L’Église maronite est unie à Rome depuis sa fondation. Elle porte le nom de Saint Maron, un ermite mort en 410. Il n’a pas fondé une Église au sens institutionnel, mais une spiritualité. Autour de lui s’est développée une communauté marquée par la tradition antiochienne.
L’Église maronite est devenue patriarcale en 686, lorsque les évêques maronites ont élu Saint Jean Maron comme patriarche d’Antioche, uni à Rome. Antioche est d’ailleurs le premier siège de saint Pierre avant Rome. Pour les maronites, l’union avec le Siège de Pierre est constitutive de leur identité.
Ce qui caractérise l’Église maronite aujourd’hui, c’est son appartenance pleine et entière à l’Église catholique, tout en conservant sa liturgie syriaque antiochienne et sa spiritualité orientale, nourrie par les Pères syriaques comme saint Éphrem, saint Isaac de Ninive ou saint Jean de Saroug.
- Comment vivez-vous cette communion avec Rome tout en préservant votre identité orientale ?
C’est une richesse. L’Église maronite n’est pas une Église byzantine entrée plus tard en communion : elle est unie à Rome depuis ses origines. Cette unité n’est pas perçue comme une contrainte, mais comme un don.
Au fil des siècles, notamment dans des périodes historiques difficiles, les maronites ont toujours choisi de rester en communion avec le pape. Pour nous, l’ouverture au monde occidental et la fidélité à notre tradition orientale ne s’opposent pas ; elles se complètent.

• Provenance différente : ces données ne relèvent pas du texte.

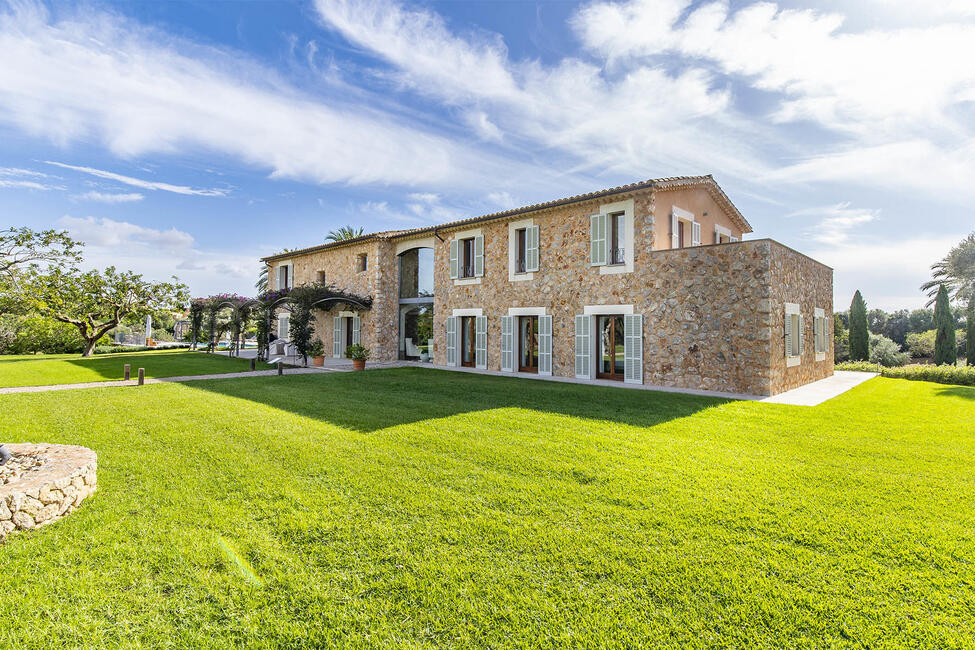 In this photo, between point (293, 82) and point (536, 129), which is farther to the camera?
point (536, 129)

- Personnellement, comment vivez-vous votre relation avec le Saint-Père ?
C’est un honneur et une expression de notre foi. Être en communion avec le pape fait partie de notre identité ecclésiale. Nous vivons cette relation avec confiance et responsabilité.

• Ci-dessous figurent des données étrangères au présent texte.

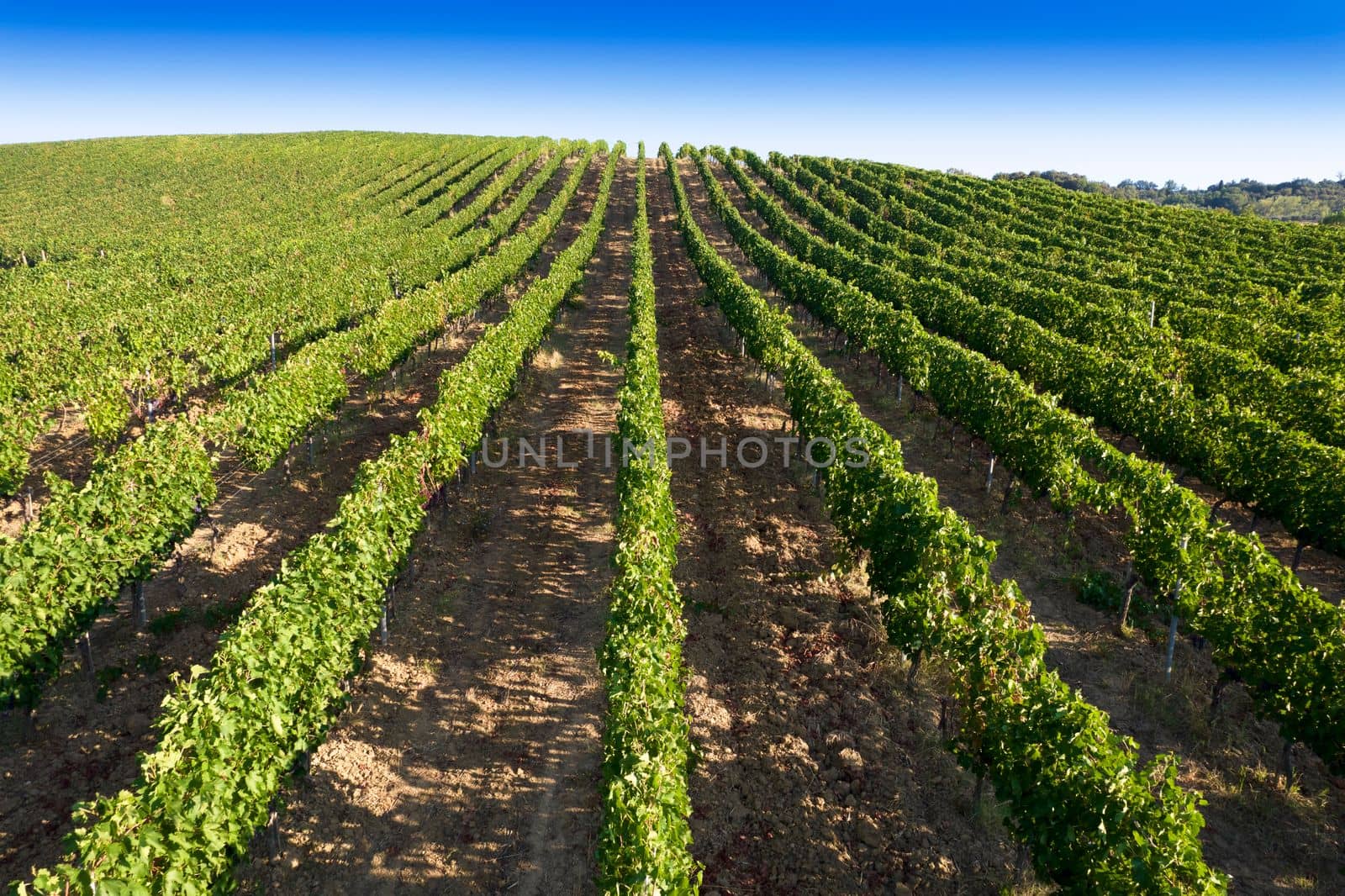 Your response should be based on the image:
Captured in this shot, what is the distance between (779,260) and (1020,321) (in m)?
18.0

La visite récente du Saint-Père au Liban a été un moment fort. Il a rencontré les autorités civiles, le clergé, les jeunes, ainsi que les responsables religieux chrétiens et musulmans. Ses discours ont profondément marqué notre pays. Nous travaillons actuellement à les relire et à les traduire concrètement dans la vie nationale.

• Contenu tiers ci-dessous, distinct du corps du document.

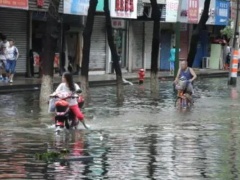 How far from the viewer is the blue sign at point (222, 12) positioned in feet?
177

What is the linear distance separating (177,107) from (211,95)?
7.02m

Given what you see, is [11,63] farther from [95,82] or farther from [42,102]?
[42,102]

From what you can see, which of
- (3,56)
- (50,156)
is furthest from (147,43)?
(50,156)

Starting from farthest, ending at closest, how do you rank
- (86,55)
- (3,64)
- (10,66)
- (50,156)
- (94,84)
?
(94,84) → (3,64) → (10,66) → (86,55) → (50,156)

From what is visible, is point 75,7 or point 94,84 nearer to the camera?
point 94,84

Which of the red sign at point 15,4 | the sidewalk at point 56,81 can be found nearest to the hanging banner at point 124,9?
the sidewalk at point 56,81

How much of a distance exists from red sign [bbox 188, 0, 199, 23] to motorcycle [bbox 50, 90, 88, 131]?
33.6 metres

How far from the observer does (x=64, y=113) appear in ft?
54.5

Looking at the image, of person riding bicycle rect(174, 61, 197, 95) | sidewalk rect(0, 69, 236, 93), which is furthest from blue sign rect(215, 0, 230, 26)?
person riding bicycle rect(174, 61, 197, 95)

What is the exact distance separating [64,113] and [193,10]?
34.9 m

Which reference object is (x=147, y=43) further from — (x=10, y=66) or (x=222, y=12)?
(x=10, y=66)

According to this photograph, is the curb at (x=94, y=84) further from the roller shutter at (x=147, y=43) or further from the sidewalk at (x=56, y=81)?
the roller shutter at (x=147, y=43)

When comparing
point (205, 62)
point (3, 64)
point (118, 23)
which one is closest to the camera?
point (3, 64)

- Comment préserver une tradition orientale ancienne dans un monde marqué par la sécularisation ?
La sécularisation touche toutes les sociétés. Mais le Liban possède une particularité : il n’est ni un État confessionnel dominé par une religion, ni un État laïque au sens occidental du terme (...)
En rendant hommage à Dieu, le Liban respecte toutes les religions et reconnaît leur statut personnel et leur doctrine. Tout le monde est respecté. C’est ce qui fait la vérité du Liban comme pays de pluralité et d’unité. La foi musulmane et la foi chrétienne sont respectées et elles sont à la base de notre Constitution. Il n’y a pas au Liban un citoyen sans appartenance religieuse : il n’y a pas un Libanais qui ne soit ni chrétien ni musulman, cela n’existe pas. Chacun doit appartenir à une communauté. Et cela sauve le pays de la laïcité et de la sécularisation.
- Vous dites souvent que le Liban est petit par sa taille, mais grand par sa mission. Quelle est aujourd’hui cette mission dans un Moyen-Orient marqué par des crises et des conflits ?
Le Liban a une vocation particulière. Les chrétiens ont donné au monde arabe et au monde musulman un témoignage chrétien. Notre vocation est d’être dans ce pays ensemble : musulmans et chrétiens. Le Liban maintient sa position et son lieu d’origine et de mission au Moyen-Orient. C’est une Église pour l’Orient, pour l’islam, pour les juifs, où nous devons témoigner de notre foi.
Ce qui caractérise le Liban par rapport aux autres pays, c’est que les chrétiens et les musulmans vivent ensemble selon la Constitution. Le président de la République est chrétien maronite, le président de l’Assemblée nationale est musulman chiite, le Premier ministre est musulman sunnite. Le gouvernement est composé à parts égales, cinquante-cinquante. Au Parlement aussi, cinquante-cinquante. Les ambassadeurs, les hauts fonctionnaires : cinquante-cinquante. La Constitution maintient cet équilibre de vie entre chrétiens et musulmans. Le Liban respecte toutes les libertés civiles selon la Charte des droits de l’homme. C’est une démocratie, un petit pays, mais avec une grande mission pour le Moyen-Orient.